Data to process below:

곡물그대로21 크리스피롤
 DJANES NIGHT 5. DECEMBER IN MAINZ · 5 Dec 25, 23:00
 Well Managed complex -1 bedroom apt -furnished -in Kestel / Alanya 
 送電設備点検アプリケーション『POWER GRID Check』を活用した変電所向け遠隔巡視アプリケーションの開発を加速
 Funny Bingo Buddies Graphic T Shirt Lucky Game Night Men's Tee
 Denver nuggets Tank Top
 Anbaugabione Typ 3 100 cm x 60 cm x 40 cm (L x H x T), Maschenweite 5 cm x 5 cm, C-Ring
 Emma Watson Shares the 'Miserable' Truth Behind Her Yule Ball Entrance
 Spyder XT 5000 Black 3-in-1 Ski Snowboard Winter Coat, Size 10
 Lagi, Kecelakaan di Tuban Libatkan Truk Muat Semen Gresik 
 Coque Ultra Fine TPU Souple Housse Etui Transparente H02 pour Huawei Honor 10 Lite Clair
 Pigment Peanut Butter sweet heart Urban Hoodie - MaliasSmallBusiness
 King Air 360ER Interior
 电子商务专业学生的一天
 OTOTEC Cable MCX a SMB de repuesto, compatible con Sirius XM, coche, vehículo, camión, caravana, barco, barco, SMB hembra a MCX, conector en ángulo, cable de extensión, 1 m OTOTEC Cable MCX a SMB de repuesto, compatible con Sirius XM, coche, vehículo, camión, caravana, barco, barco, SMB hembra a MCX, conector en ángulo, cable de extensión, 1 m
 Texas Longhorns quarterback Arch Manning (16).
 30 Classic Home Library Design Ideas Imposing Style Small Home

End of Data to process.

◆ Assignment: Only the lines above starting at the line that holds "DJANES NIGHT 5." and ending at the line that holds "Pigment Peanut Butter" are to be repeated, exactly and in full.

◆ Response:
 DJANES NIGHT 5. DECEMBER IN MAINZ · 5 Dec 25, 23:00
 Well Managed complex -1 bedroom apt -furnished -in Kestel / Alanya 
 送電設備点検アプリケーション『POWER GRID Check』を活用した変電所向け遠隔巡視アプリケーションの開発を加速
 Funny Bingo Buddies Graphic T Shirt Lucky Game Night Men's Tee
 Denver nuggets Tank Top
 Anbaugabione Typ 3 100 cm x 60 cm x 40 cm (L x H x T), Maschenweite 5 cm x 5 cm, C-Ring
 Emma Watson Shares the 'Miserable' Truth Behind Her Yule Ball Entrance
 Spyder XT 5000 Black 3-in-1 Ski Snowboard Winter Coat, Size 10
 Lagi, Kecelakaan di Tuban Libatkan Truk Muat Semen Gresik 
 Coque Ultra Fine TPU Souple Housse Etui Transparente H02 pour Huawei Honor 10 Lite Clair
 Pigment Peanut Butter sweet heart Urban Hoodie - MaliasSmallBusiness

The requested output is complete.